WARNING: Fitting splines and a linear function to a feature introduces a model identifiability problem
         which can cause p-values to appear significant when they are not.

WARNING: p-values calculated in this manner behave correctly for un-penalized models or models with
         known smoothing parameters, but when smoothing parameters have been estimated, the p-values
         are typically lower than they should be, meaning that the tests reject the null too readily.

Fortunately, this routine can be performed directly and results in the following differences between the naive and optimised model.

Plot the GAM fits

fig, ax = plt.subplots(figsize=(10, 6))
plot_fit(gam_raw, X, y, ax, "Unoptimised Fit", c1='orange', c2='green')
plot_fit(gam, X, y, ax, "Optimised Fit")

This is all well and good. We’ve seen an approach to modelling that can capture eccentric patterns in raw data. But how does it work and why should we care?

If you’re familiar with the nomenclature of machine learning, you should think of spline modelling as a variety of feature creation. It generates “synthetic” features over the range of the observed variable. These synthetic features are the splines in question.

Digression on the usage of “Splines”

The history of the term “spline” is related to the history of draftmanship. Historically splines were thin strips of flexible wood or plastic that could be bent or shaped around a weight or “knot” points to express a traceable curve over the space of a “numberline”. The elastic nature of the spline material allowed it to be bent around the knot points of curvature expressing a smooth or continuous bend.
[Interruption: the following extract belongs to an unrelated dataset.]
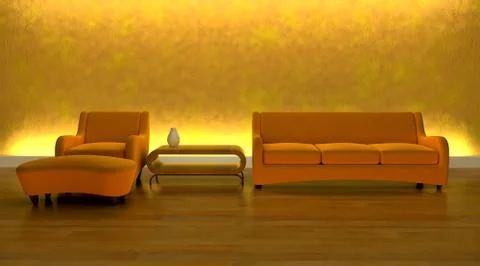 Contemporary sofa in modern setting Stock Illustration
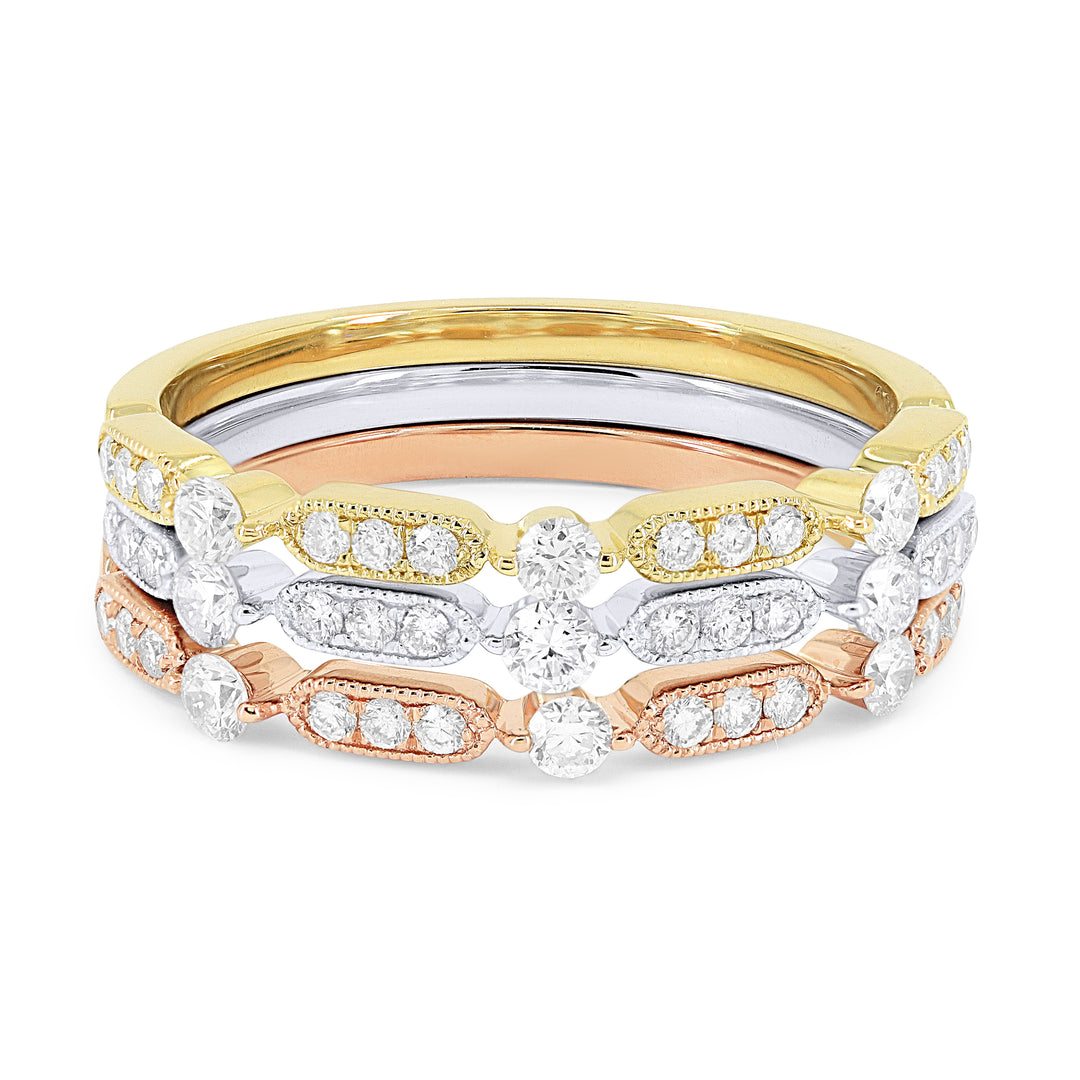 Madison L 14K Tri Color Gold Diamond Stackable Ring - style R1453WYP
The mathematical technique apes these properties by defining a curve over in an analogous way. We specify “knots” to carve up the support of the random variable \(X\) into portions that require different weighting schemes to represent the outcome \(y\)

spline

Extracting the Splines

We can extract the spline features used in the PyGAM by invoking the following commands to first identify the knot points and create the b-spline basis appropriate for the variable \(X\).

knot_edges=utils.gen_edge_knots(X,dtype='numerical')
knots=np.linspace(knot_edges[0],knot_edges[-1],len(gam.coef_))

splines = utils.b_spline_basis(X, edge_knots=knot_edges, sparse=False)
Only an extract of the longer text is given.